What is silence?  It is so much more than the absence of sound.  A meditative silence is really about a sense of inner quiet, of stillness and tranquillity, free from mental chatter as well as external sound. Often this is felt in those moments when we hover between waking and sleeping, between the in breath and the out breath.  This space is so precious in these times when we have so much input from radio, television, phones, email, Facebook… it can take a big effort to drop all these distractions and actively seek out silence. And it can be challenging to drop these distractions, enter a silent space and observe what arises.


One of the great gifts of working with sound is the way it can move us effortlessly into this meditative silence – we can just rest and be carried on waves of sound.  It makes it really easy for us. There is no need to sit on the meditation cushion, struggling to still the mind.  Instead it’s just about surrendering to the flow and following the sound into silence.


Sound releases us from mental chatter, stilling the critical voice which constantly makes judgements on our experiences. With language comes the desire to label what we perceive, and then with ego the impulse to judge whether things are going in our favour or not.  This is essential for our survival and protection, but can prevent us from being in touch with our essential selves and from living in the moment. We also habitually cast back to the past and forward into the future, endlessly rehearsing what we should have said, what we might say. As Eckhart Tolle so vividly describes this: ‘virtually everyone hears a voice, or several voices, in their head all the time…the voice comments, speculates, judges, compares, complains, likes, dislikes and so on.’ (The Power of Now) The experience of a sound bath or meditation gives us release from these habits of mind – we do come back, of course, to the world of ‘ten thousand things’ – but altered, because we have experienced the deep peace which lies beyond.

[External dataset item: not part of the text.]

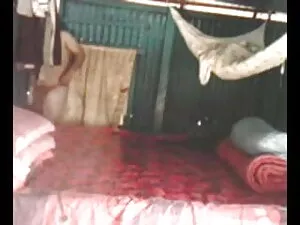 प्यारा किशोर सेक्सी  ...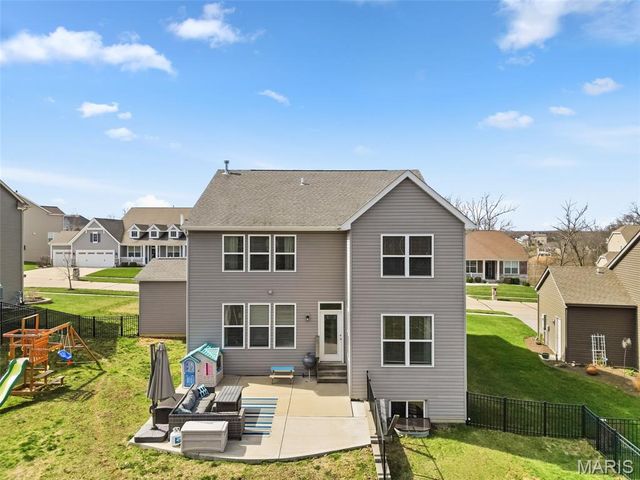 214 Grayleaf Court, Wentzville, MO 63385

One of the many beauties of gongs and singing bowls, is that they create music which we can’t easily define or label, which never repeats itself – it just is what it is.  So the mind surrenders the search for meaning, for pattern, and for judgement. Each time we play or listen  we experience a unique improvisation, with many and complex tones and overtones.  Listening intently to these instruments draws our focus from the ego, softening the edges and allowing us to just be.  We lose our illusions of separateness and feel the reality of our interconnectedness with all beings. Sometimes in this state of connectedness we can experience flashes of insight or understanding, or be released from mental or physical discomfort.


Then the silence which follows these sounds is also not just an absence of sound, but is a resonant silence – the vibrations may no longer be audible but they continue to sound in the body and in the room.  Holding a silence at the end of the sound meditation is a wonderful harmonious experience, as we continue to rest and integrate all we have heard and felt.  


Often people report an enhanced quality of listening – as we turn our attention outward once again to engage with the material world, we can often find our enjoyment of music and sound sharpened.  We can also find that we can welcome in all the sounds which arise – traffic as well as birdsong – hearing it all as vibration.


There is something special too about the experience of sharing this silence with other people – in a one to one session with the practitioner, and in a group session with all the participants.  This has a different quality from solitary meditation – we feel the energies of our companions in this experience, and are drawn together. Having the presence of a practitioner who creates a safe space allows us to surrender more deeply than we would otherwise. They take the role of a guide or witness, giving a sense of security. Perhaps there is some ancient memory of needing to keep some awareness for self-protection when we are alone, preventing us from relaxing completely, and this is released when we are accompanied.


This is a big responsibility for sound practitioners, but it is profoundly rewarding and a great privilege to share the journey into sound and silence with our fellow human beings.